Task requirements
For the material below, the expected output is exactly the lines between the line holding "基韦斯特Duval House的酒店客房配有床、沙发和灯具。" and the line holding "Sunlit alpine mountain", inclusive, with pictures left out.

Records for this task
★ ★ ★ ★
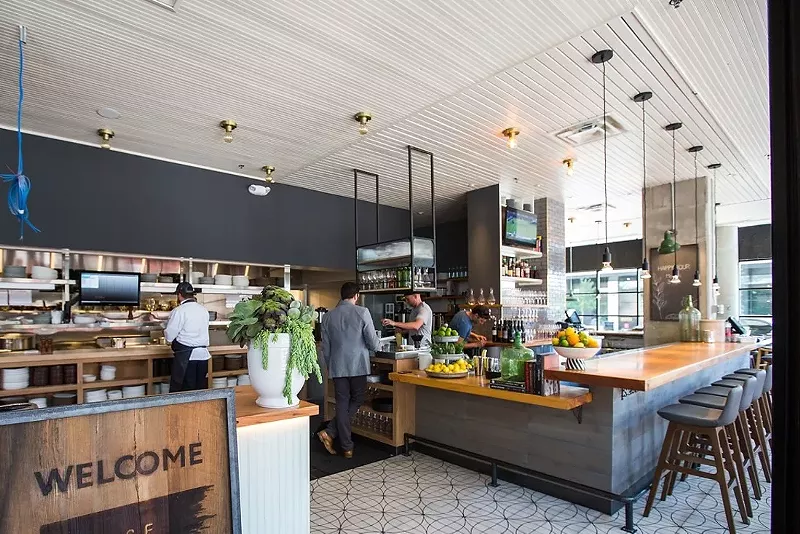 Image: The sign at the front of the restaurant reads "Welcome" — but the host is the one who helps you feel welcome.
★ ★ ★ ★
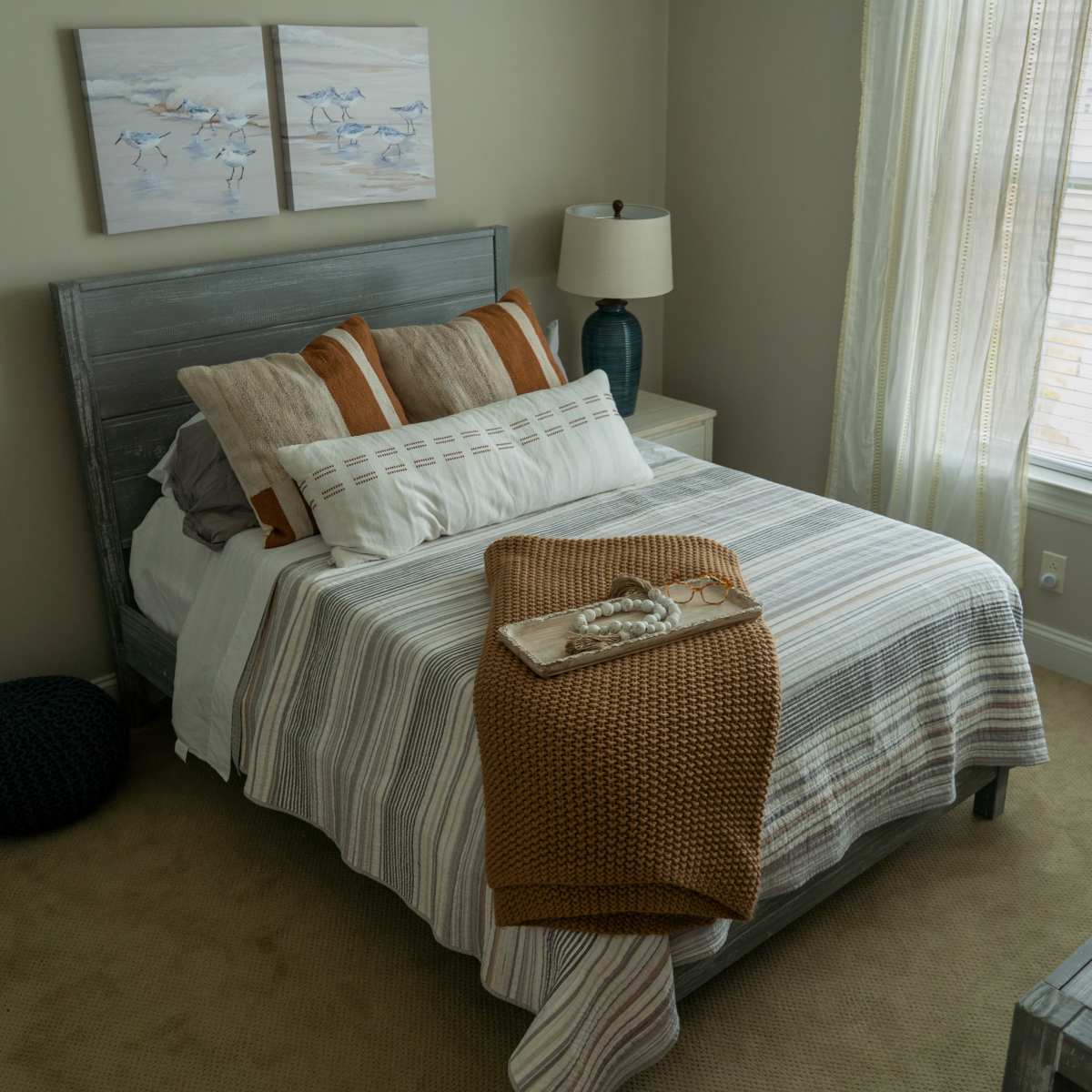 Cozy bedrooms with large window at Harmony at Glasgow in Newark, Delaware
★ ★ ★ ★
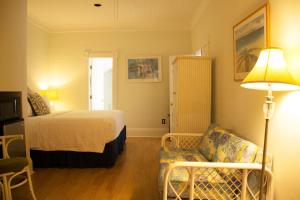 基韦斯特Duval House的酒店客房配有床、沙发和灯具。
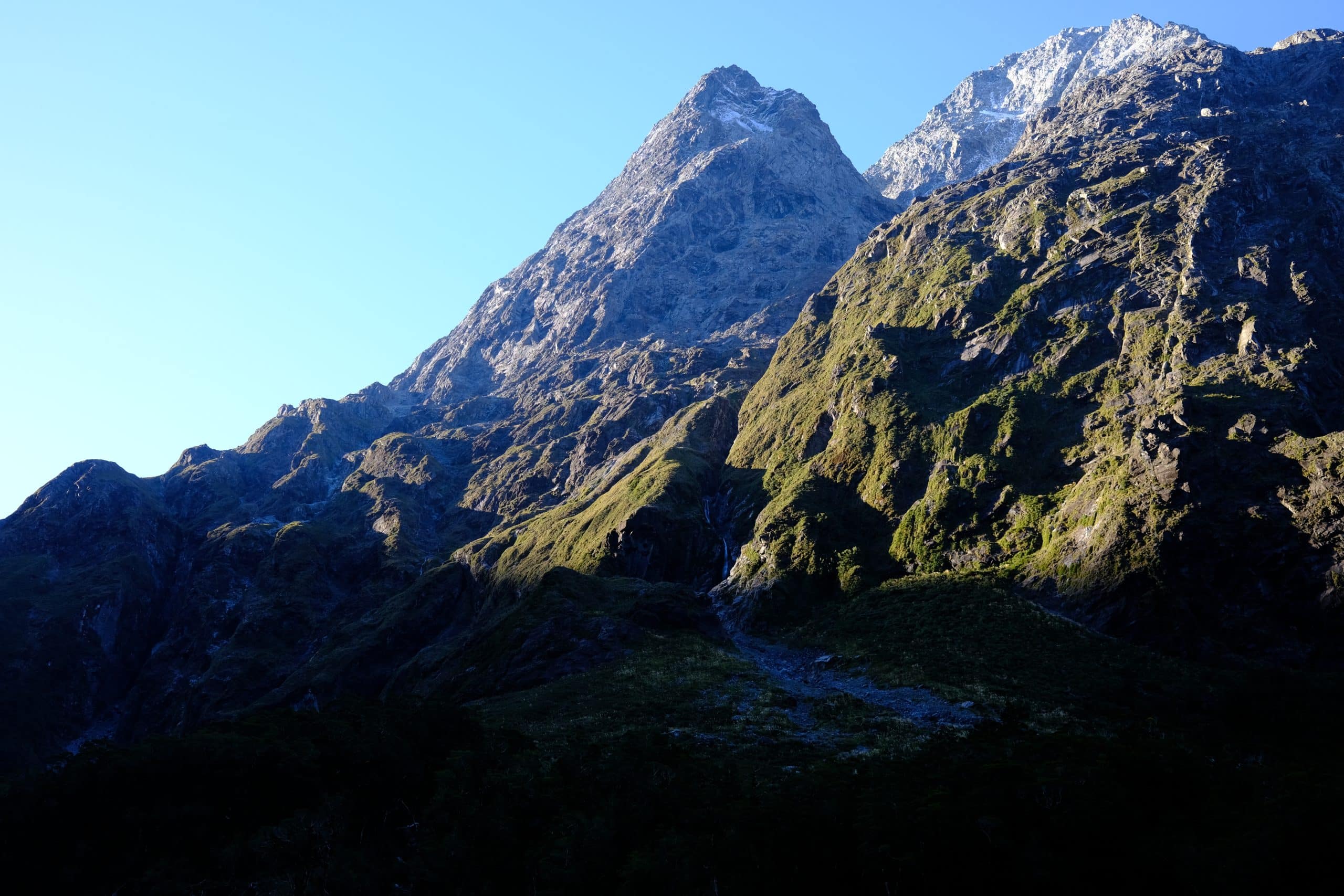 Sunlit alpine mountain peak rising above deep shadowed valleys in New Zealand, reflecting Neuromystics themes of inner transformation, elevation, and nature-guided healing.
★ ★ ★ ★
Answer to the problem
 基韦斯特Duval House的酒店客房配有床、沙发和灯具。
 Sunlit alpine mountain peak rising above deep shadowed valleys in New Zealand, reflecting Neuromystics themes of inner transformation, elevation, and nature-guided healing.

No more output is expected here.